-------- Data for the task --------

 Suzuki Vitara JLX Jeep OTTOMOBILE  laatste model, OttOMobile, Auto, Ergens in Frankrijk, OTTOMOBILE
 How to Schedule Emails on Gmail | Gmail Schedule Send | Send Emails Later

--------
-------- Data for the task --------

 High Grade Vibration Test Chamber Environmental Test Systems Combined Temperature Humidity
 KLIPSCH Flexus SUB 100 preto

--------

**Instructions to follow**:
The required output is the stretch of entries above from the line containing "Suzuki Vitara JLX" through the line containing "How to Schedule", reproduced exactly.

**Answer box**:
 Suzuki Vitara JLX Jeep OTTOMOBILE  laatste model, OttOMobile, Auto, Ergens in Frankrijk, OTTOMOBILE
 How to Schedule Emails on Gmail | Gmail Schedule Send | Send Emails Later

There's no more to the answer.